Luego reparemos en las funciones de la escuela porque, de esa guisa, resultará más a propósito el análisis, con la perspectiva puesta, sobre todo, en la escolaridad obligatoria. Asegurar una formación básica, que faculte a las generaciones jóvenes para desenvolverse social y personalmente, resulta una función destacada y principal. Pero cuestión distinta es, y aquí reside una primera controversia crítica, la manera en que esa formación se sustancia -los contenidos educativos-, se transmite -la enseñanza y los métodos para procurarla desde las prácticas profesionales docentes- y produce los efectos esperados -el aprendizaje de los alumnos y las disposiciones para seguir aprendiendo-.

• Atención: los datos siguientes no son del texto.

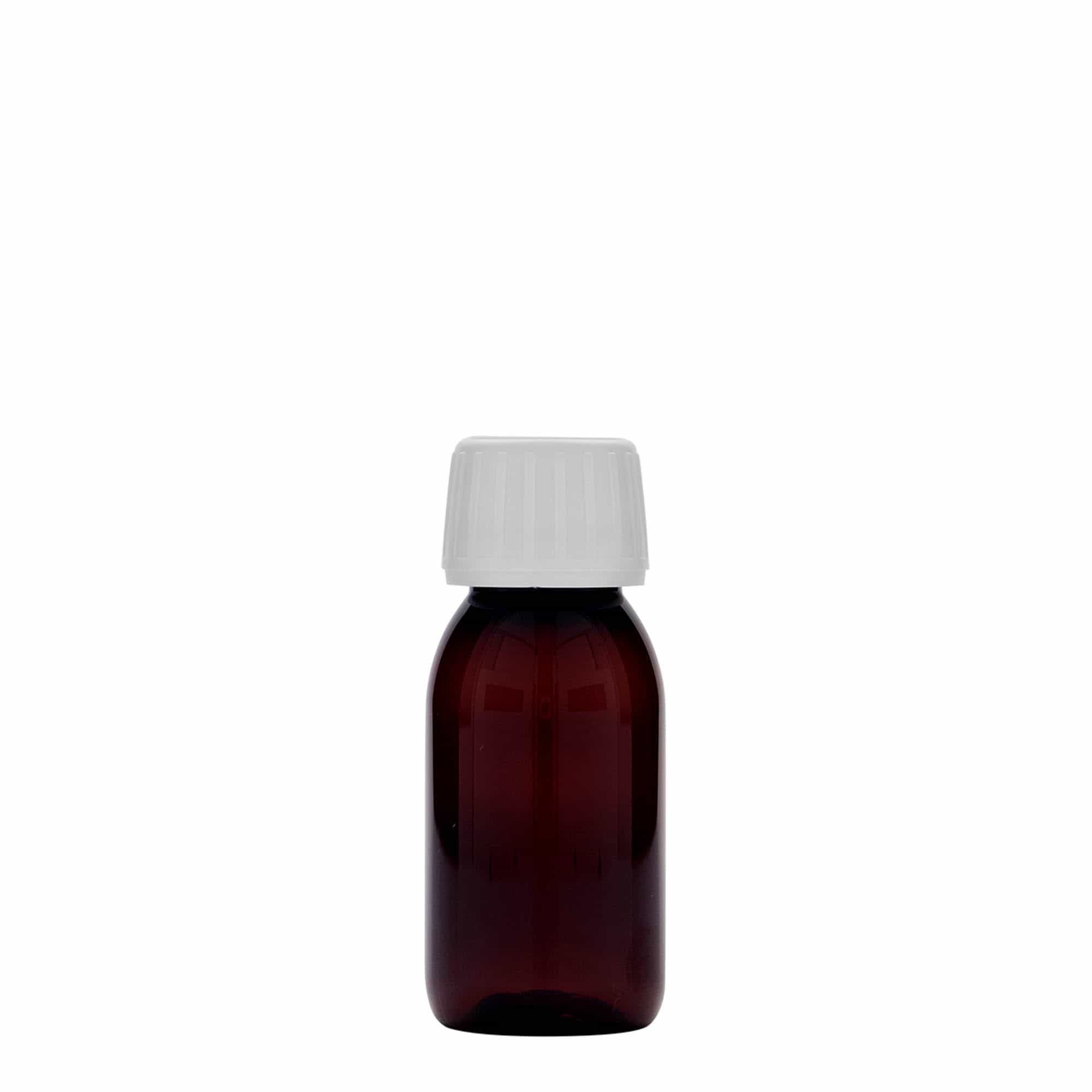 60 ml φιαλίδιο φαρμάκου PET, καφέ, πλαστικό, στόμιο: PP 28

Hay que poner cuidado porque si el debate de fondo tiene alcance, más presencia puede tener el de las formas, cuando dar nombre a las cosas importa. Ya clamaba Juan Ramón Jiménez por ello a la intelijencia gramaticalmente heterodoxa: "¡Intelijencia dame / el nombre exacto de las cosas!". Páginas harían falta para discernir, entonces, entre conceptos -tales como conductas, capacidades, competencias- que son el marchamo de las reformas educativas y del currículo -otro concepto bien sobado- de las enseñanzas. Mas no se entienda con ello una desconsideración al uso de términos propios de la teoría educativa, tal como suele hacerse en debates o posicionamientos sólo sostenidos en comodines o quizás al amparo del empleo impropio e inconveniente de esos conceptos por quienes más deberían cuidarlos. No es esa la razón, aunque también influya, sino la carencia de acuerdo sobre la naturaleza del conocimiento básico, e imprescindible, sin el que los sujetos en formación se sitúan en una clara y gravosa desventaja social.

Luego convenir qué contenidos educativos -en el sentido más amplio de éstos- han de ser enseñados y aprendidos bien que importa. No en balde la polémica en torno a la Educación para la Ciudadanía, o a materias o asignaturas de parecida naturaleza, es buena muestra de la discusión. Y, sin intención de restarle entidad, igual de controvertidas deberían ser circunstancias como la insuficiencia de capacidades para la expresión oral o escrita, para comprender lo que se lee, para dar forma a lo que se piensa, para resolver problemas o situaciones en que se precisa la aplicación de conocimientos matemáticos. Subrayar estas dimensiones del aprendizaje constituye, para algunos, un "retorno a lo básico", pero connotan tal circunstancia de manera inconveniente, como si el eco del "leer, escribir y dominar las cuatro reglas" reverberara para dirigir la vuelta atrás. O como si no importaran esos otros ámbitos del "aprendizaje no cognitivo" -valores, emociones, creatividad, cohesión, relaciones…- que toman fuerza en los procesos educativos.

Sin embargo, la escuela pierde sentido, y con ello enferma, si no habilita a los alumnos, tal como se adelantaba, para un desenvolvimiento social y personal satisfactorio. La empresa es mayor, porque, con ese objeto tan relevante, han de procurarse: modos de enseñar más atractivos y valiosos que los auspiciados por vías alternativas o complementarias (recursos tecnológicos, aprendizaje entre iguales, educación no formal, escuela en casa); situaciones de aprendizaje que procuren el uso funcional y aplicado de los conocimientos, no sólo por ese efecto utilitario, sino como vía didáctica para adquirirlos; profesionales de la enseñanza con competencias, habilidades y destrezas que consigan la motivación para aprender; posibilidades de organización y funcionamiento de los centros educativos con autonomía factible y no retórica, centradas en la mejora de los resultados. Y, de manera principal, respuestas educativas que compensen, y no legitimen o reproduzcan, las desigualdades socioeconómicas de origen, para que el éxito escolar quede al alcance del máximo desarrollo de las capacidades de cada uno.

García Márquez, cuando pasa revista a su infancia, venero de no poca de su portentosa obra literaria, hizo suya una frase que creía haber leído de Bernard Shaw: "Desde muy niño tuve que interrumpir mi educación para ir a la escuela". No es una partida de defunción, pero sí un severo aviso.